Q: Can I appeal an Aetna denial for experimental treatments in Washington? A: Yes. Washington law allows external review of experimental/investigational denials through Independent Review Organizations, with decisions binding on Aetna.
Q: What if Blenrep becomes non-formulary when re-approved? A: You can request a formulary exception by demonstrating medical necessity and that formulary alternatives would be less effective or cause adverse effects.

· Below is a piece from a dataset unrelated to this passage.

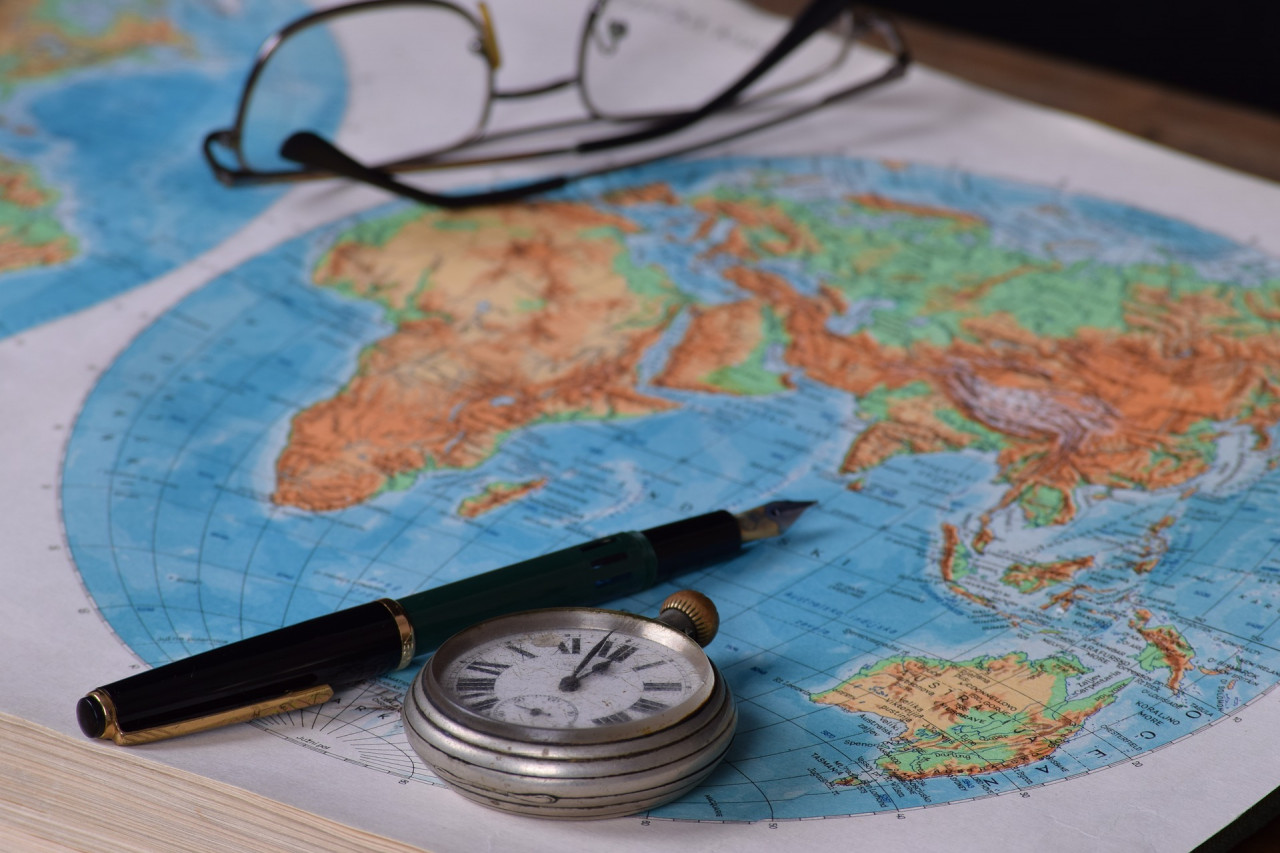 Glasses, a pen, and a pocketwatch on a world map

Q: Does Washington have special protections for rare disease drugs? A: Washington's external review process applies to all medical necessity denials, including rare disease treatments, with independent specialist review.

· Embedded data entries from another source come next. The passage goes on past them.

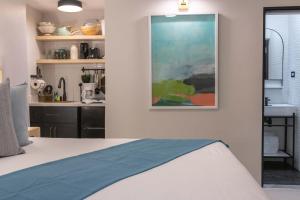 尼格瑞尔旅客海滩度假酒店的卧室配有一张床,墙上挂有绘画作品
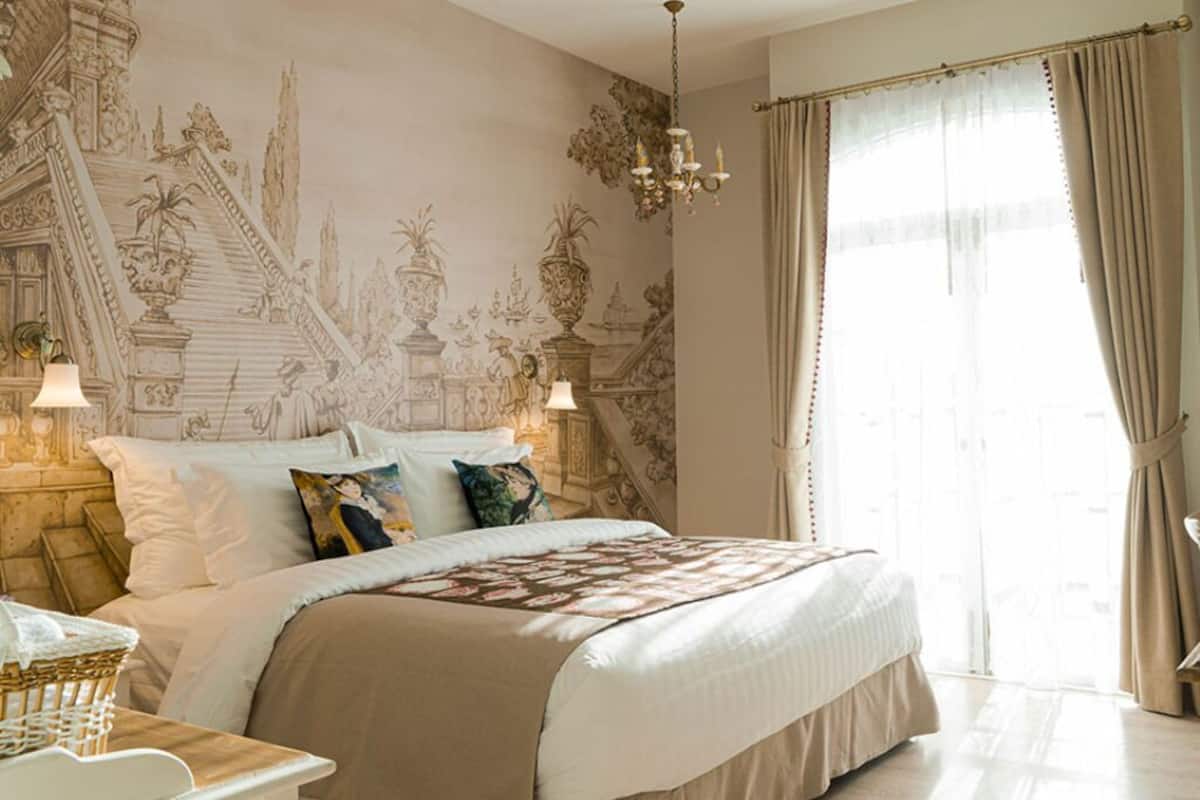 Une chambre spacieuse avec un grand lit, un lustre et une vue sur l’extérieur à travers de fines rideaux.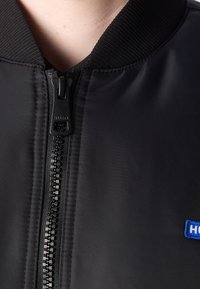 Gros plan sur une veste noire avec un col côtelé, une fermeture éclair visible estampillée "Hugo" et un petit patch logo bleu "Hugo" sur le côté droit.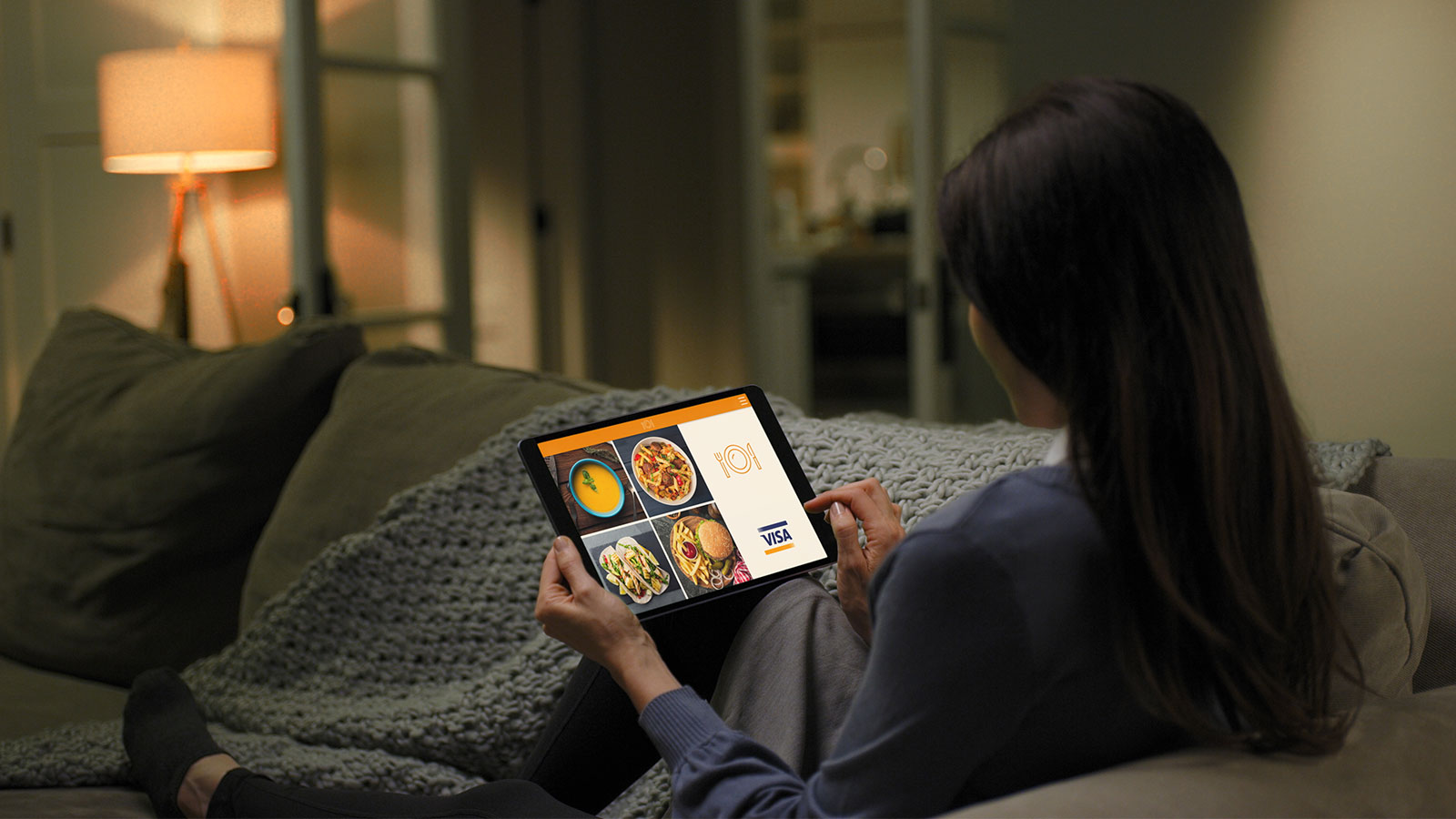 lady using tablet on couch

Q: How do I get help with my Aetna appeal in Washington? A: Contact the Washington Office of the Insurance Commissioner at 1-800-562-6900 for free assistance with appeals and external review requests.
Q: Will my current multiple myeloma treatment be covered while waiting for Blenrep approval? A: Yes, Aetna covers FDA-approved multiple myeloma treatments per their formulary. Work with your oncologist to optimize current therapy while monitoring Blenrep's approval status.
Sources & Further Reading
- Washington State Office of the Insurance Commissioner - External Review
- GSK Patient Access Programs
- Aetna Prior Authorization Information
- CVS Specialty Pharmacy Provider Resources
- FDA Drug Approval Process
Disclaimer: This information is for educational purposes only and does not constitute medical or legal advice. Always consult with your healthcare provider and insurance plan for specific coverage decisions. Appeal rights and processes may vary by plan type and can change over time. Counterforce Health provides tools and resources to help navigate insurance coverage challenges, but outcomes cannot be guaranteed.